На второй день Совет пожелал выслушать Глостера.

В приглашении на заседание «палаты короля» не было ничего необычного, и Глостер прибыл в наилучшем расположении духа. Однако он забеспокоился, когда Саффолк, претерпевший ущерб от его людей, выступил в роли обвинителя и во всеуслышание объявил, что Глостер продолжает злонамеренное дело жены, готовя заговор против священной особы короля и черня честь королевы. К обвинению был приложен длинный список злоупотреблений, какие лорд-протектор допустил, управляя государством с младенчества короля.

Само собой разумеется, герцог не оставил обвинения без возражений, и в конце концов поднялся такой невообразимый гвалт, что архиепископ Кентерберийский нашел нужным вмешаться и напомнить собравшимся о святости места.

– Если вы желаете привести доводы в вашу защиту, милорд Глостер, никто возражать не будет, но говорите тихо и спокойно.

– Спокойно?! Но не я первым прибег к оскорблениям! В любом другом месте я бы уже призвал к ответу маркиза Саффолка.

– Мы нисколько в этом не сомневаемся. Но теперь ждем ответа от вас.
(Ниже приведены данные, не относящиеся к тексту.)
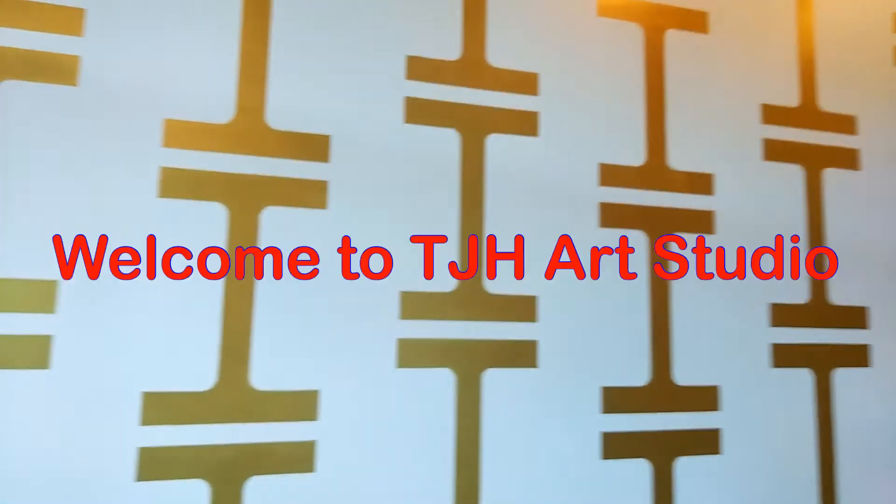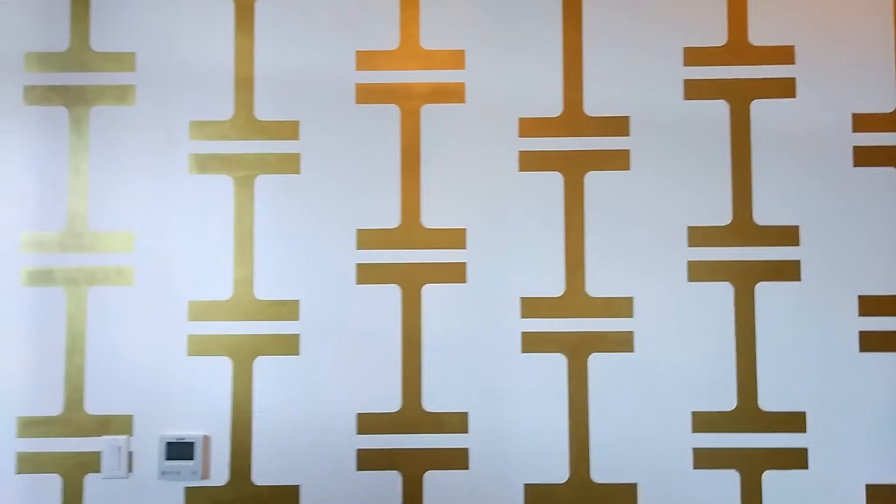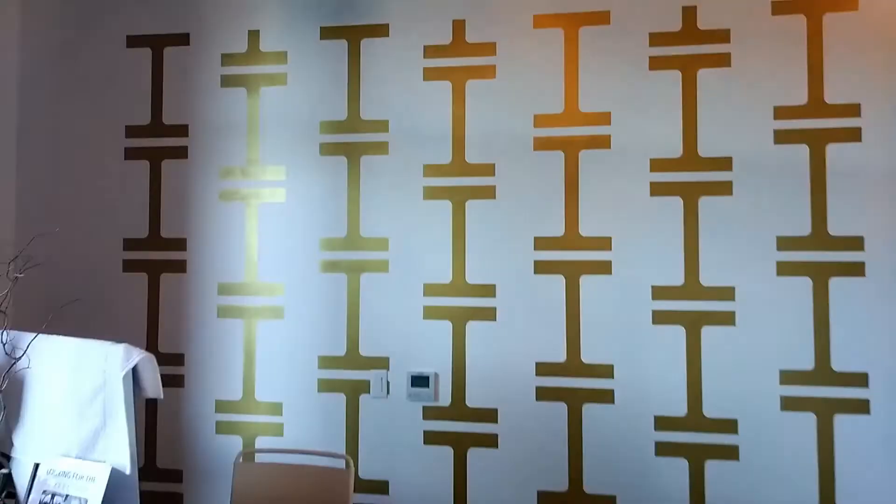Hello and welcome to TJH Art Studio. Over the weeks I'll be doing digital artwork using Affinity Designer, Procreate, and many other different types of software. Please join me as we learn together how to create artwork using these software programs.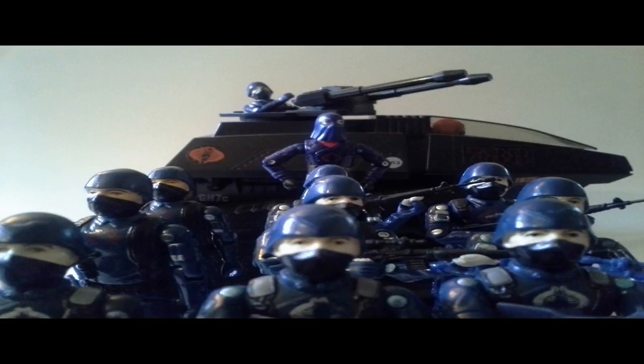Hello everybody, Hooded Cobra Commander 788 here, and I'm starting a brand new feature on this channel. Every Wednesday I will review a G.I. Joe comic book — that's the G.I. Joe: A Real American Hero series published by Marvel Comics starting in 1982. Other reviewers have done G.I. Joe comic books before, but hopefully I can bring something different with my background in political science and law. So let's get started with our first ever Comic Book Wednesday.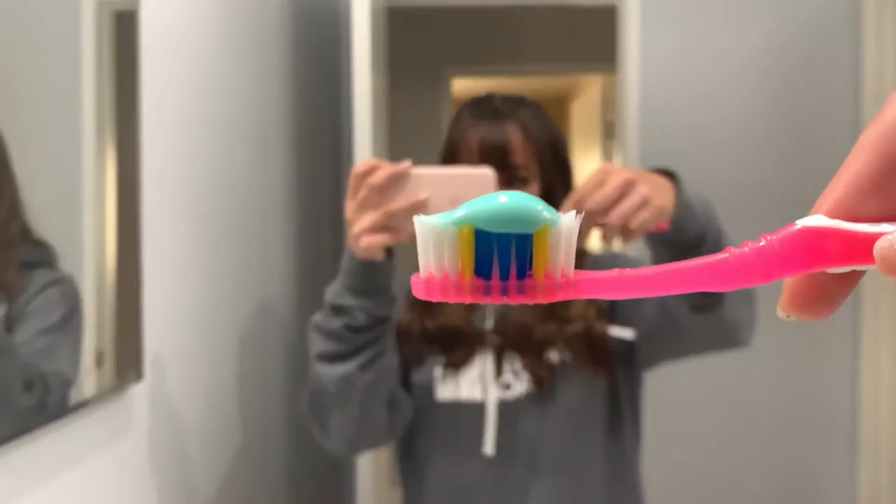First you need to get some toothpaste on that toothbrush, and then you just like carefully brush your teeth.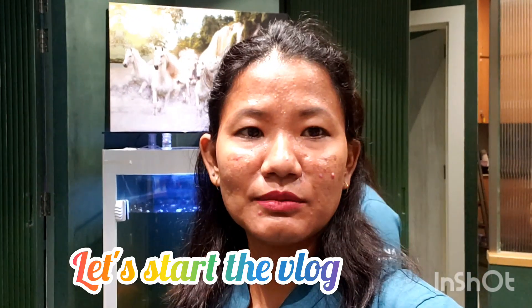Hello everyone, Namaste Fyapula, welcome back to my another vlog. I am a hair stylist who is learning about hair.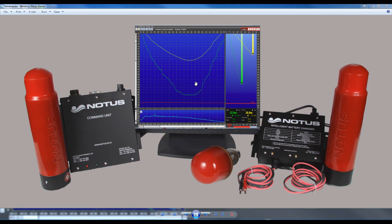This is an introduction to the new Notus SaneMaster 3.3 with cork line and lead line alignment.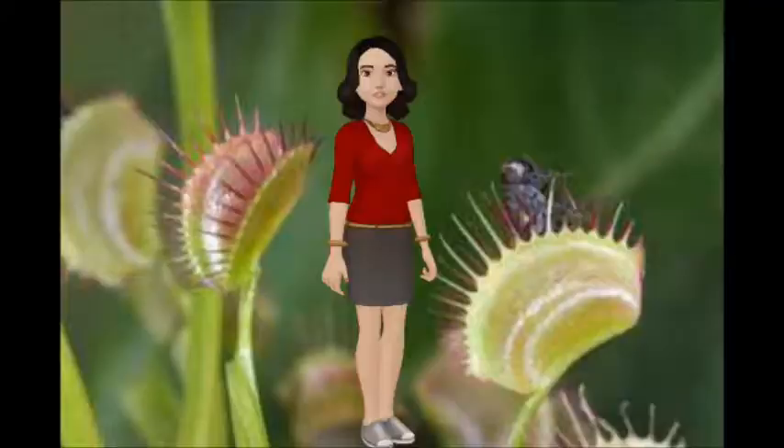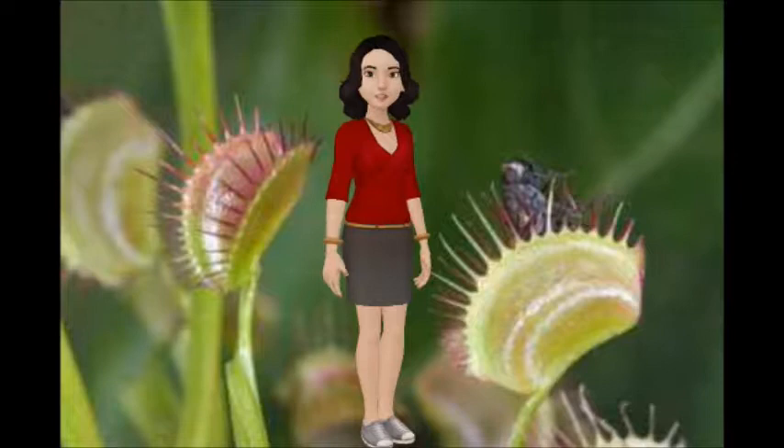Venus Flytrap Life Cycle. It eats three or four flies then it dies. A bee sucks up nectar from the Venus Flytrap flowers, and then the bean seeds fall and grow Venus Flytrap. The bee pollinates the Venus Flytrap.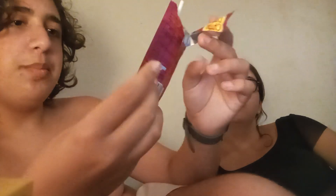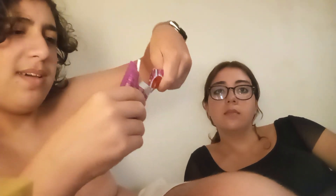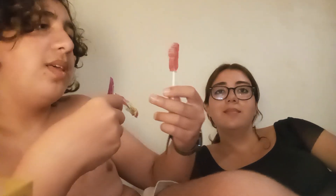Chupa Chups popping candy with lollipop. And it's a foot. I already ripped it open. It has a little popping candy here. It's strawberry flavor.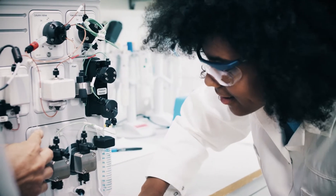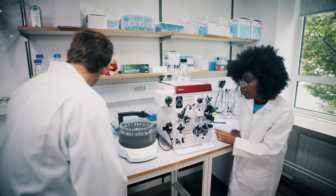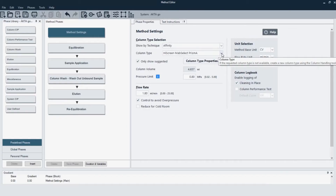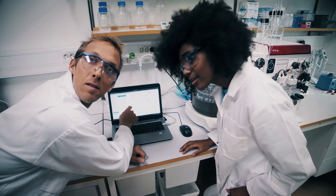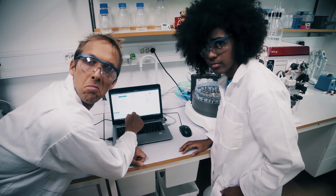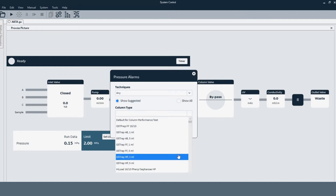Are you guys familiar with UNICORN software? You already know that it provides real-time control and that you can use pre-programmed methods. You also know that you can set it up in just a few minutes and then go. This view gives you a great overview of what's going on and you can interact with the system during runs.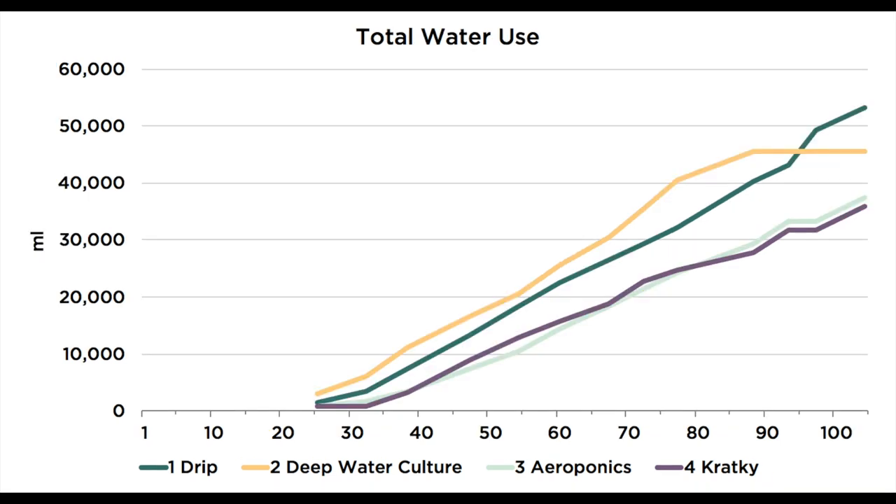The other major difference in these systems relates to water use. The DWC with the bubbler consumed the most water by far, followed by the drip system. The Kratky consumed the least water but it was really close to the aeroponics. This makes sense because the Kratky is passive and not forcing air out, while with aeroponics the vaporized water can condense back into the system and recirculate.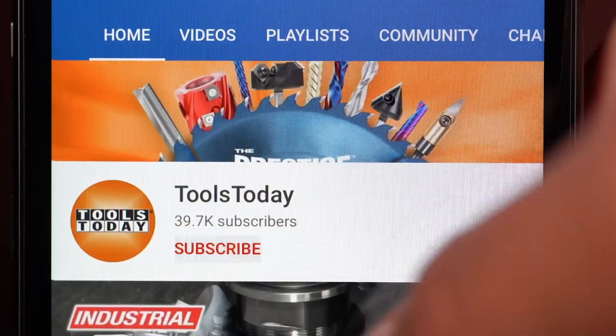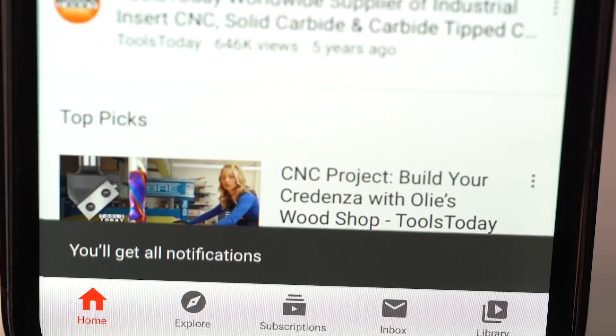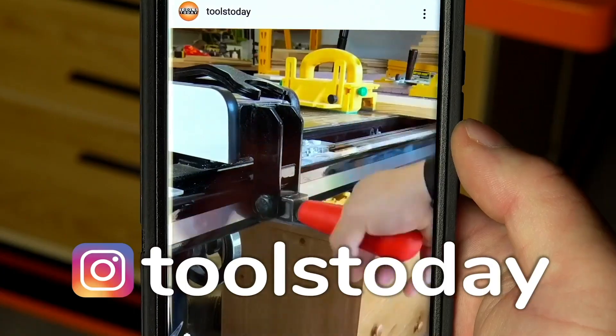If you love this type of content, be sure to subscribe to our channel and go ahead and hit that bell so that you'll be notified on all of the new videos when they're released. Also, don't forget to follow us on Instagram at Toolstoday.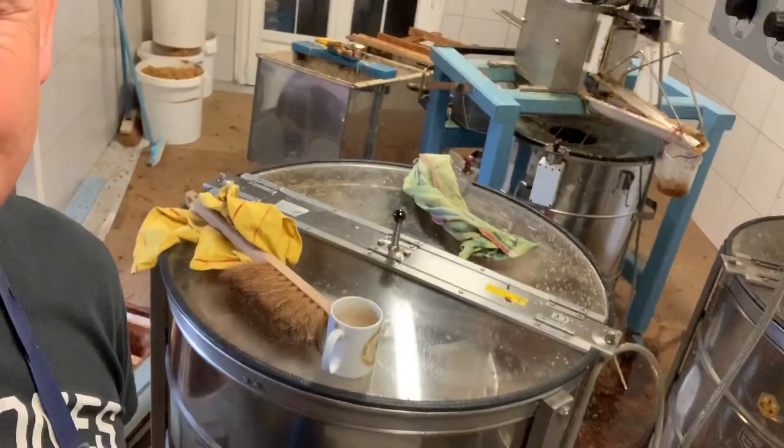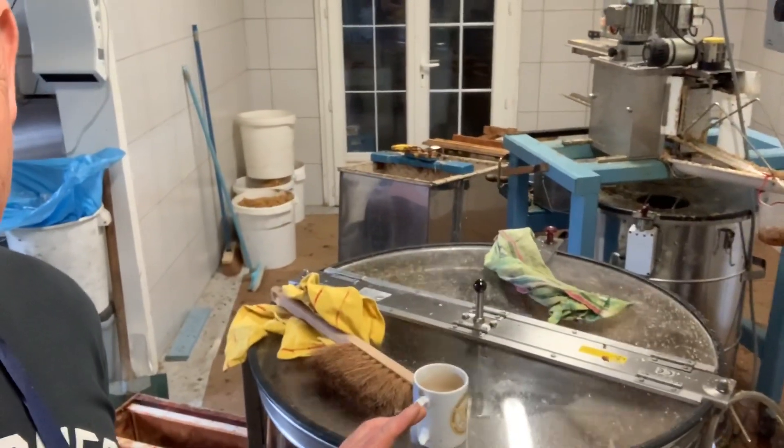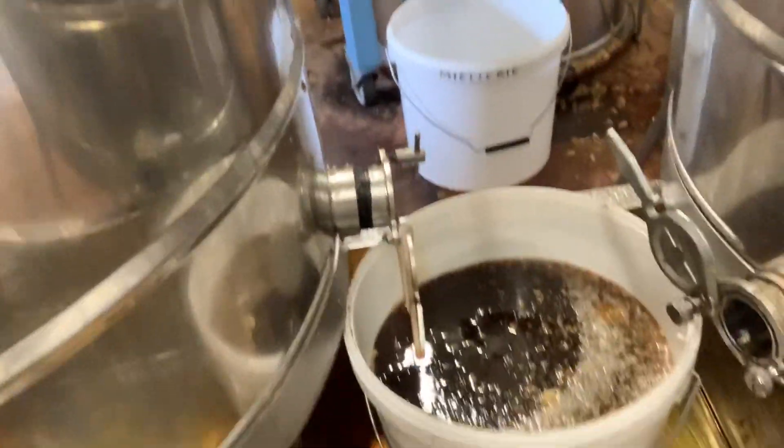I've harvested this buckwheat honey this morning — believe you me, it's not a lot. Here it is. That's the last few frames in the extractor. I've done one extractor full, but not even full frames. The frames were like maybe a fifth full. A few had all the frame capped, but not many. And this is the last machine running. In there, that is the buckwheat honey for this year. That is it.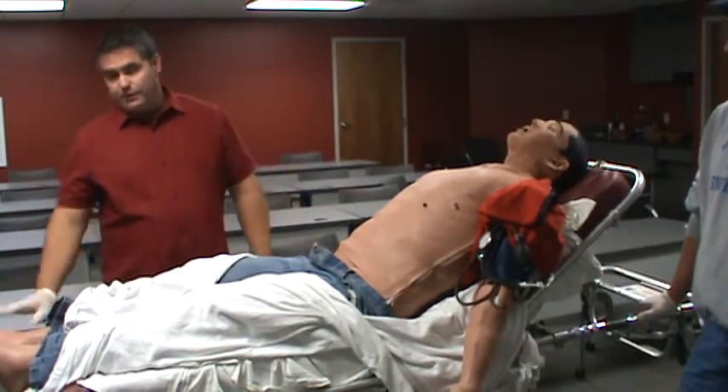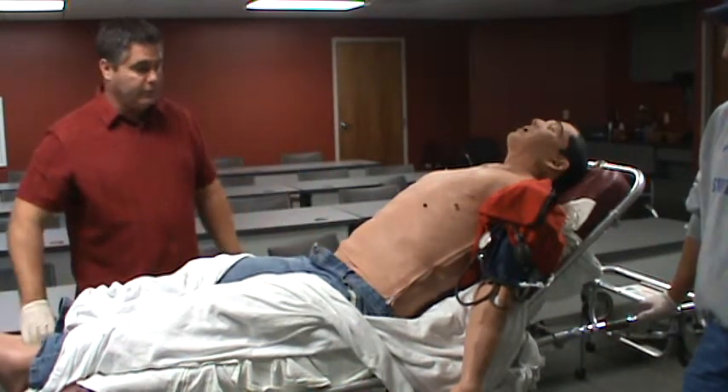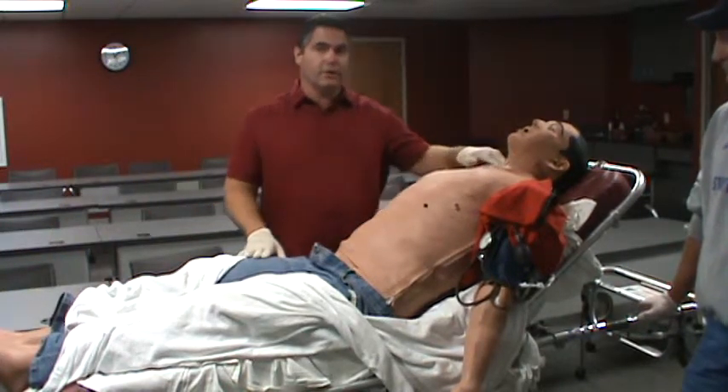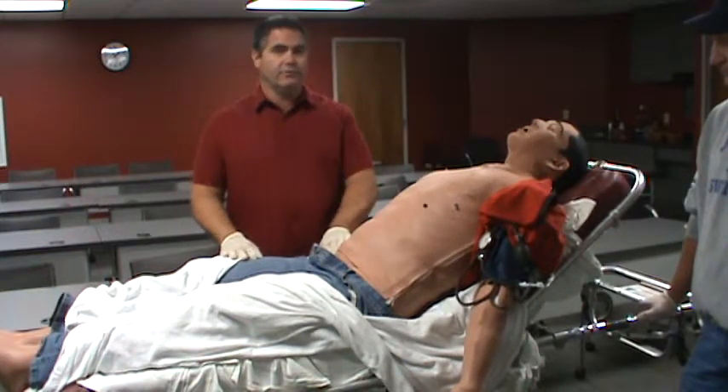He does have pedal pulses and posterior tibial pulses as well. Prior to going through your simulation, I recommend that you feel all those pulses. If you have problems locating the carotid pulse, make sure you know where the femoral is — it's pretty prominent and you'll be able to feel that.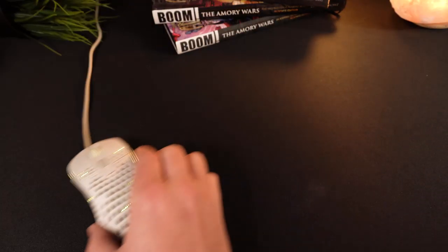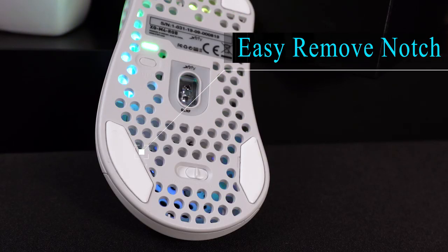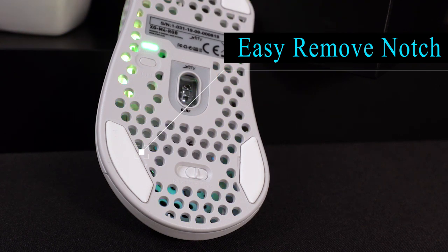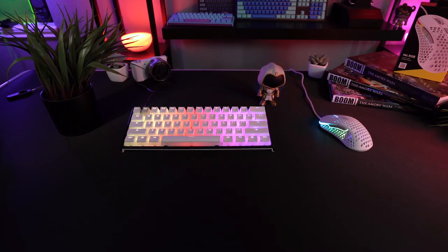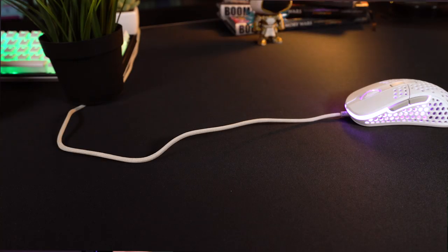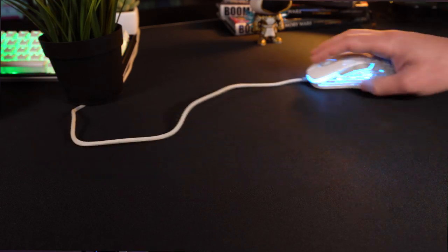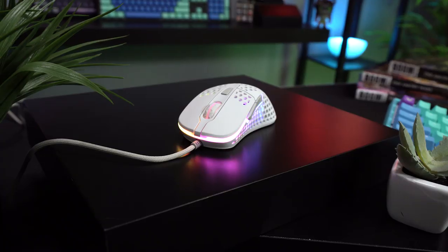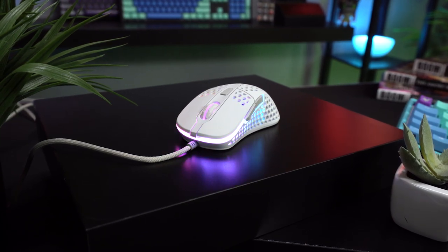The feet are made of 100% PTFE plastic and they slide really well on both cloth and hard surfaces. I also really liked the little detail of having small notches to help with removing them to apply replacements later. I've been using this mouse for about a week or so, and I found the sensor to perform quite well without any noticeable tracking issues. The cord is what ExtraFi calls their easy cord — it's a nice braided cloth-feeling material, but it's not quite as flexible as a true paracord. Overall, for $59.99, the M4 is a worthy competitor in the wired mouse space.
Глостер замолчал и обвел взглядом всех собравшихся. Ни одного дружеского лица. Он понял, что находится на суде и судьи меньше всего расположены к снисхождению. Еще он понял, что единственный его спаситель – это король, еще такой молодой, чувствительный, совестливый; король, который не терпит насилия и раздоров. Если удастся привлечь Генриха на свою сторону, дело его будет выиграно.

К королю Глостер и обратил свою защитительную речь, с присущим ему красноречием напомнив об услугах, оказанных им государству, о заботах, которыми он окружил короля-младенца, о своей щедрости по отношению ко всем.

Прервала его речь Маргарита:

– Король не забыл о ваших заслугах, милорд. Он хорошо помнит ваше милосердие и щедрость по отношению к его матери.

– Она забыла о своем королевском долге. Она была королевой и должна была оставаться ей.

Оуэн Тюдор не смог стерпеть этих слов и возмущенно заметил:

– В положении ее не было ничего постыдного; мы жили с детьми вдалеке от двора!

Вмешательство Тюдора было ошибкой, и Глостер мгновенно ею воспользовался:

– Жизнь вдалеке я и поставил королеве в вину, я и вместе со мной все добрые англичане. У нее был сын, и он был королем. Все заботы и все свое время она должна была отдать ему!

– Она была молода и красива. Она имела право жить!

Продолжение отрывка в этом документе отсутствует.